Si è discusso del cambiamento tra famiglie e personale della scuola primaria senza che ciò interessasse più di tanto l’opinione pubblica. Ne abbiamo dato conto in queste pagine a suo tempo. Il voto, oggi, viene regolarmente utilizzato nella ex scuola media e negli Istituti superiori. Ha destato un certo dibattito il superamento del voto in alcune scuole secondarie. Alla fine dello scorso anno si aveva notizia di una sola scuola, il Liceo Morgagni di Roma, che provava a sterilizzare il voto. Ma a ben vedere di rivoluzionario c’è ben poco. La sperimentazione è partita in una sola classe sette anni fa, sino a coinvolgere un’intera sezione. Per quel che se ne sa, il percorso è pressoché normale. Azione didattica, verifiche con interrogazioni e compiti in classe che non vengono valutati numericamente ma soppesati nel confronto di autovalutazione e di valutazione comparativa tra il docente e il resto della classe. Regolarmente il voto ri-compare sia alla fine del quadrimestre che alla fine dell’anno scolastico. Né potrebbe essere altrimenti poiché la legislazione nazionale è omogenea e cogente per tutte le scuole italiane. 

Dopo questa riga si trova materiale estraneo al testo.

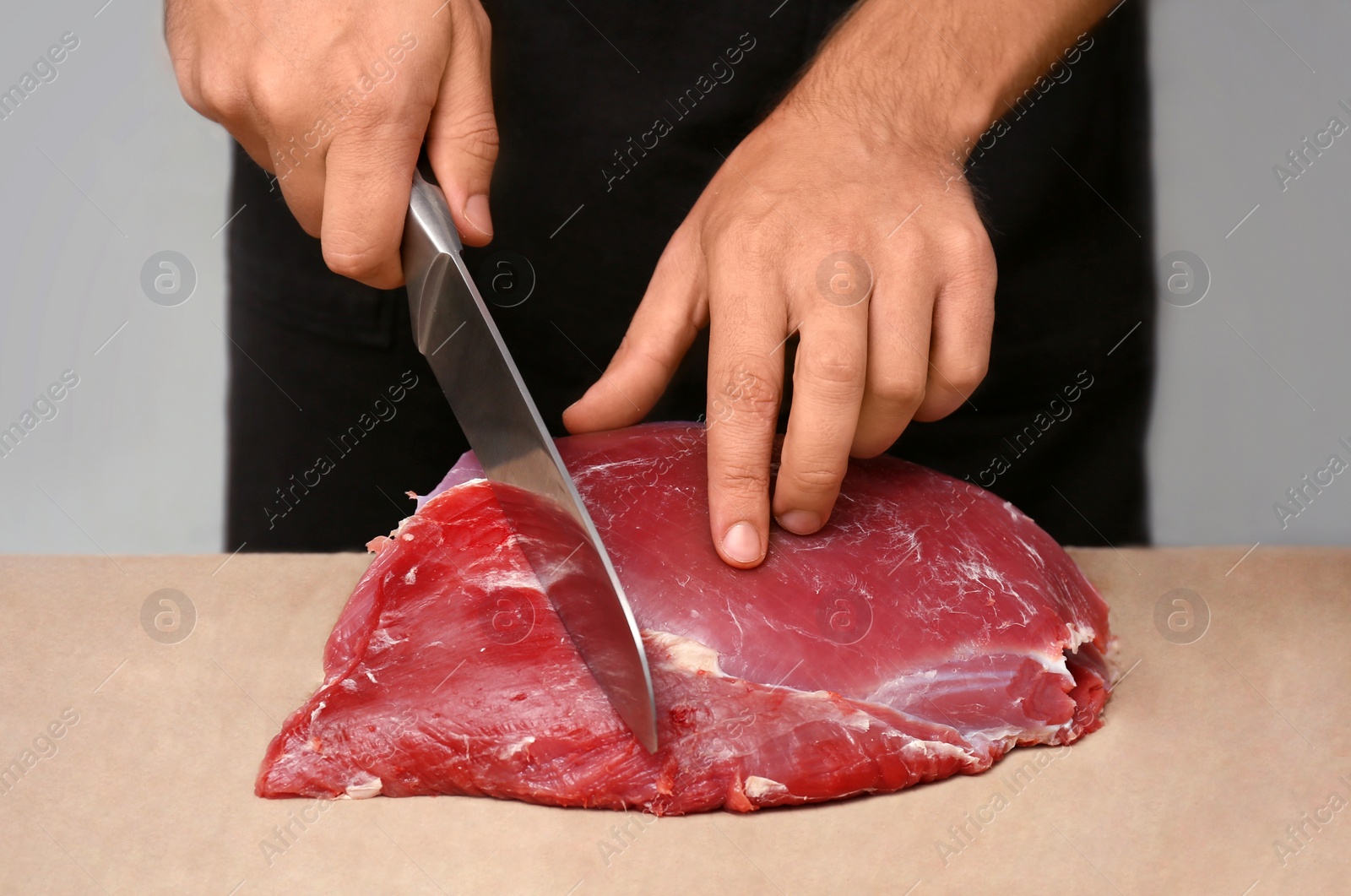 Photo of Butcher cutting fresh raw meat on counter in shop, closeup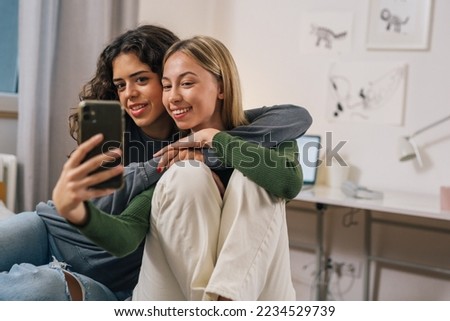 two good friends take a picture together on the phone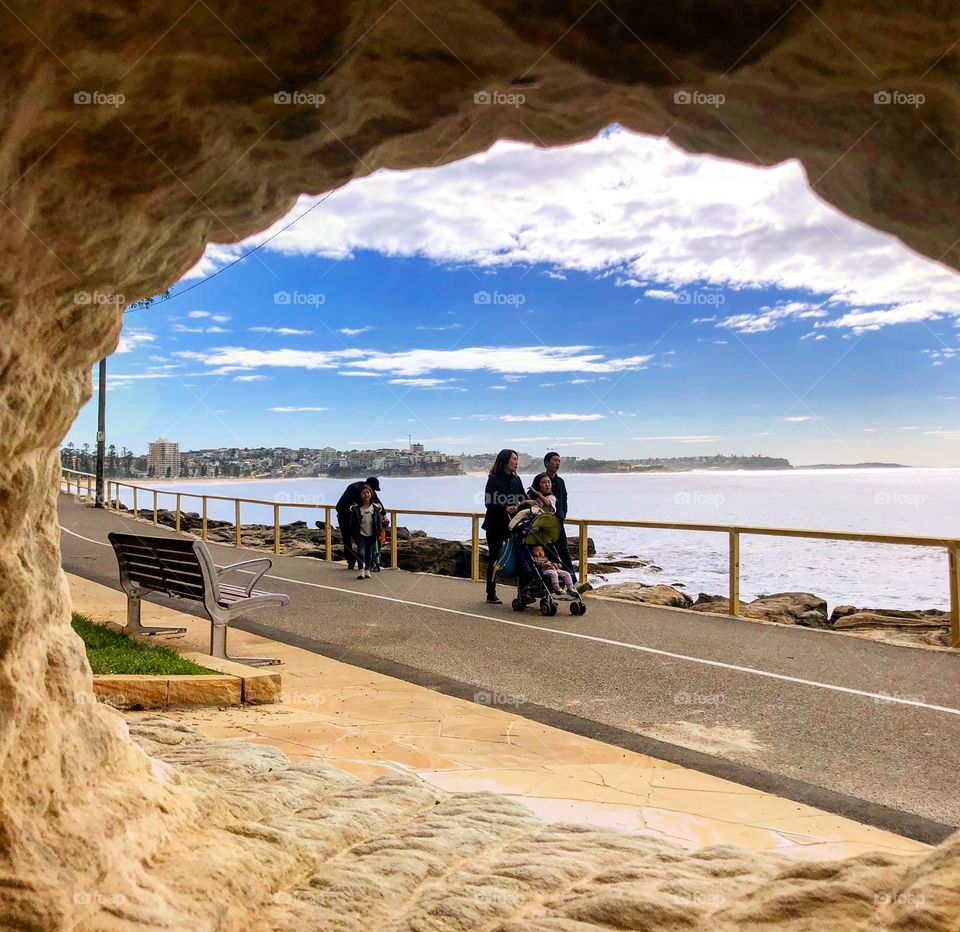 Looking through the cave to the beach walkway 
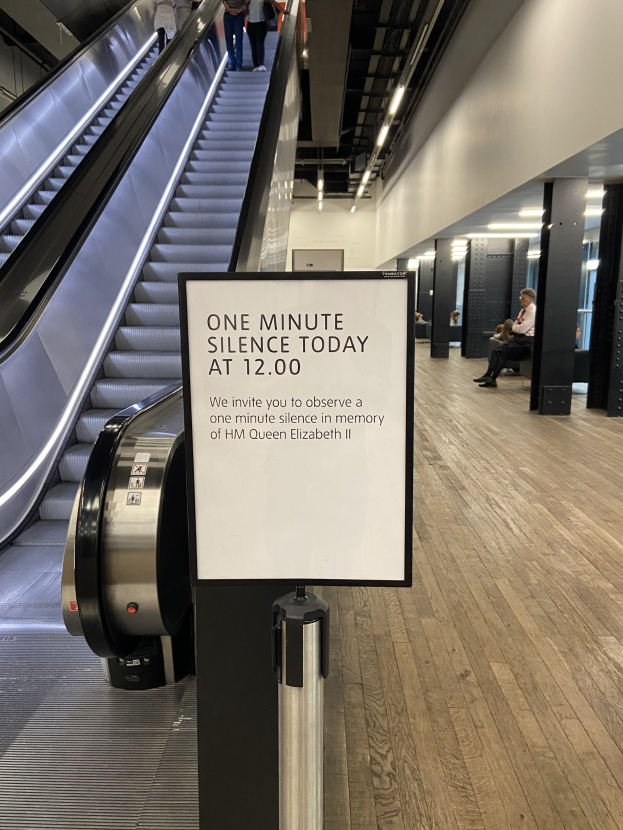 Eine Rolltreppe im Flughafen mit einem Schild, auf dem "Eine Minute Schweigen heute" steht, einige Menschen darauf und Deckenleuchten im Hintergrund.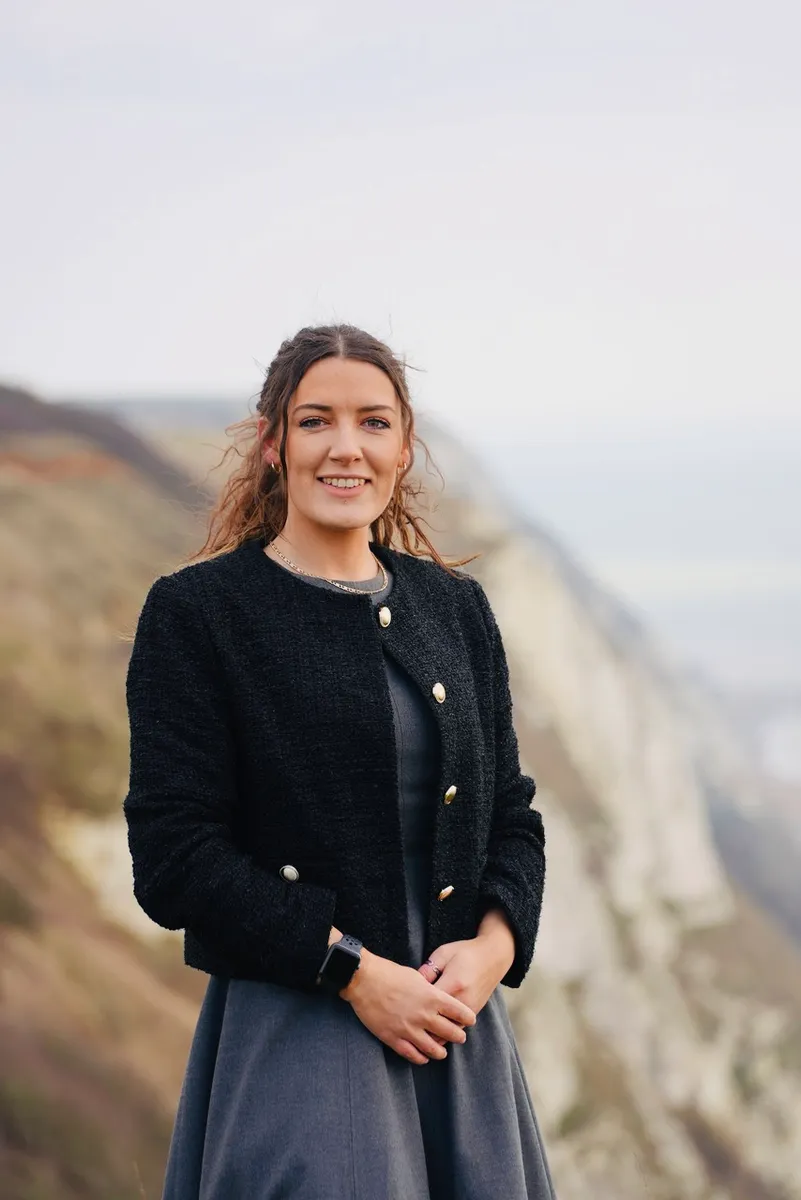 Cassandra Sinclair smiling on a clifftop, with the sea behind her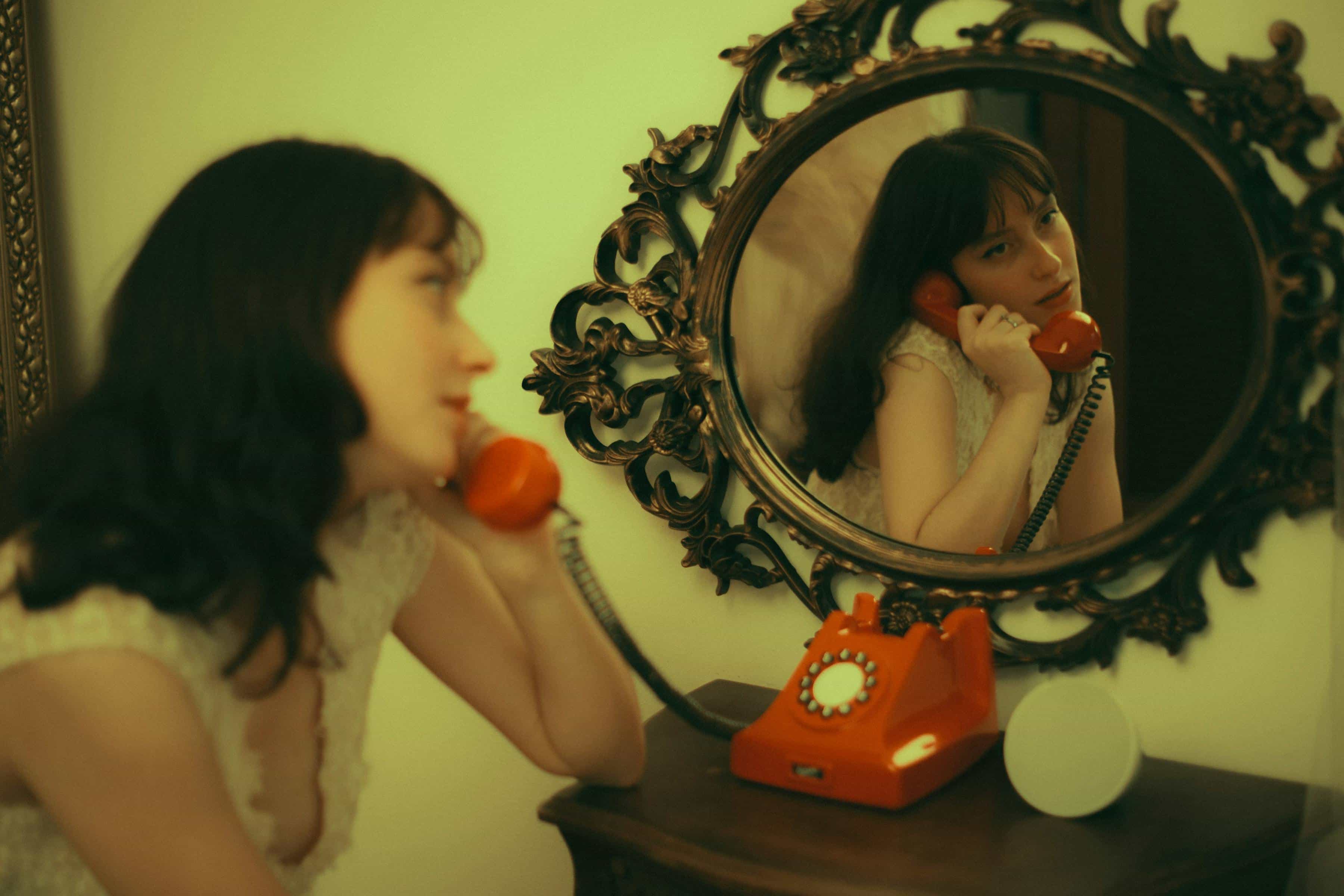 Foto de uma mulher usando blusa branca falando ao telefone antigo vermelho enquanto olha no espelho, refletindo seu rosto.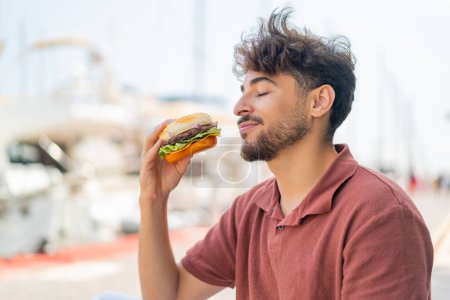 Foto de Joven árabe guapo al aire libre sosteniendo una hamburguesa - Imagen libre de derechos
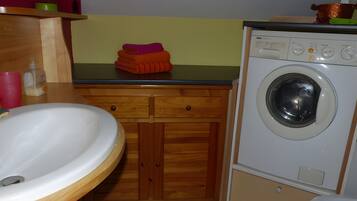 Une petite salle de bain comprenant un lavabo, des toilettes et un lave-linge.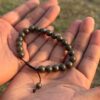 gold obsidian natural gemstone bracelet in hand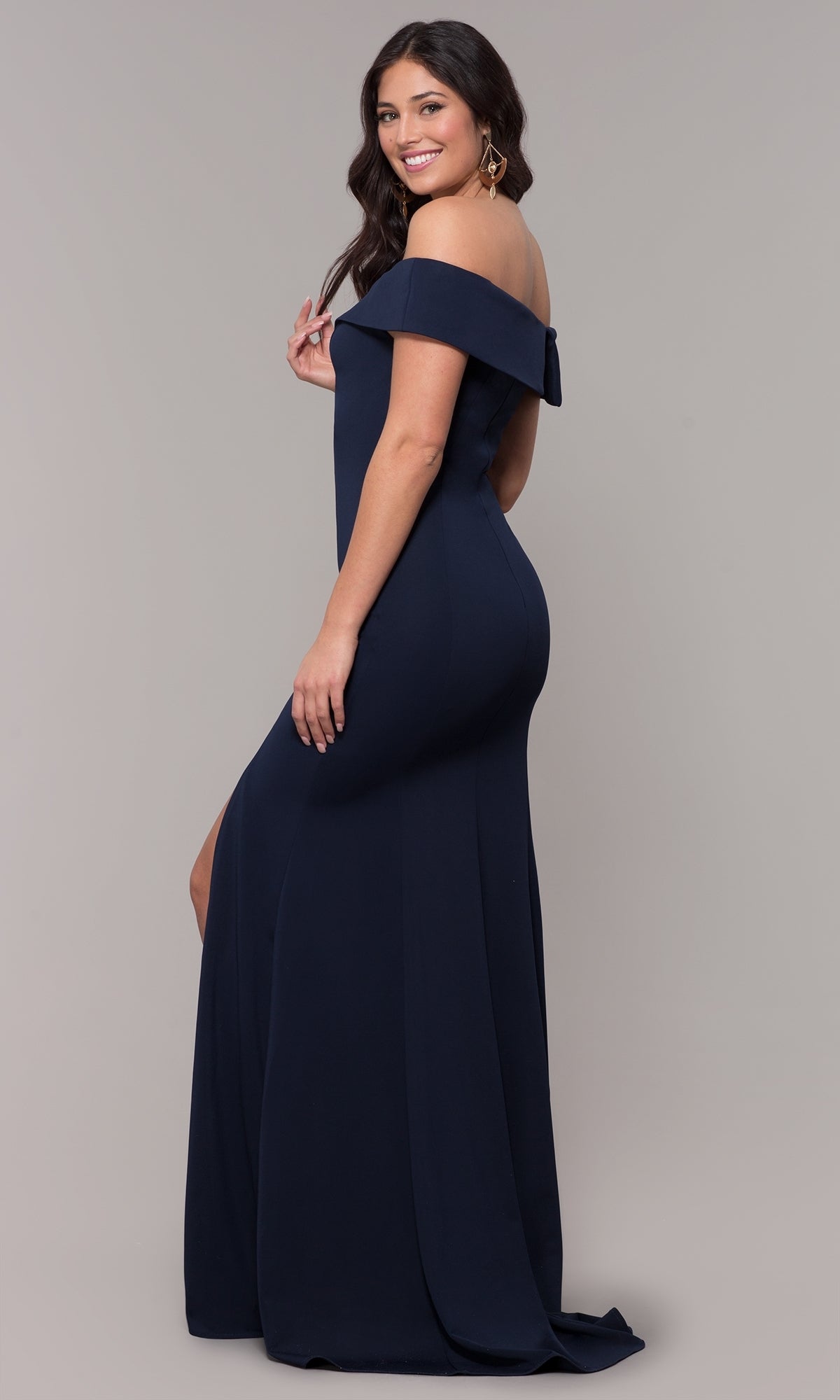 Woman wearing the Classic Off-the-Shoulder Formal Prom Dress 8258, featuring a navy color, floor-length skirt, and side slit, stands against a plain background and smiles at the camera.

La sperimentazione, denominata Scuola delle relazioni e delle responsabilità è seguita con attenzione dal dipartimento di Pedagogia dell’Università La Sapienza che studia gli effetti di questa scuola senza voti. Sette anni sono sufficienti per aver qualche indicazione al riguardo. Secondo gli osservatori i risultati rilevati dall’Invalsi sarebbero in linea con quelli delle altre classi ma gli studenti che prendono parte a tale sperimentazione avrebbero più autonomia e più capacità di lavorare in gruppo. Recentemente si è avuto notizia di qualche altra sperimentazione. All’Iis Sassetti-Peruzzi di Scandicci avrebbero intrapreso un simile esperimento due classi prime. Il dirigente scolastico parla di apprendimento interdisciplinare e valutazione formativa. Secondo una recente inchiesta giornalistica si sarebbero aggiunte a queste altre scuole: un liceo di Milano, uno di Bologna e altrettanti di Palermo, Pesaro e Mestre. Ci sarebbe quasi da dire: Tanto tuonò che piovve. 

Non vi è alcuna possibilità che queste poche scuole possano in alcun modo incidere sulle modalità della valutazione della scuola superiore di oggi in assenza di un robusto intervento riformatore. Evidente il tentativo giornalistico, neppure politico, visto che i partiti sono da tempo in tutt’altre faccende affaccendati, di riattualizzare il dibattito della scuola dell’inclusione versus scuola del merito. Anche di questo ha parlato questo giornale. Il voto presuppone una valutazione per conoscenze. Il giudizio quella per abilità e competenze. Ma per questa seconda scelta è necessaria una diversa didattica, una diversa formazione del personale docente e quindi una diversa impostazione della scuola stessa. L’eterna Scilla e Cariddi tra cui ondeggia da sempre il nostro sistema educativo. Non sarà un caso se quest’anno celebriamo due centenari di diverso segno. Quello dei cento anni della Riforma Gentile, paradigmatica della scuola di classe e quello dei cento anni della nascita del profeta dell’inclusione, don Lorenzo Milani. Tra Scilla e Cariddi appunto.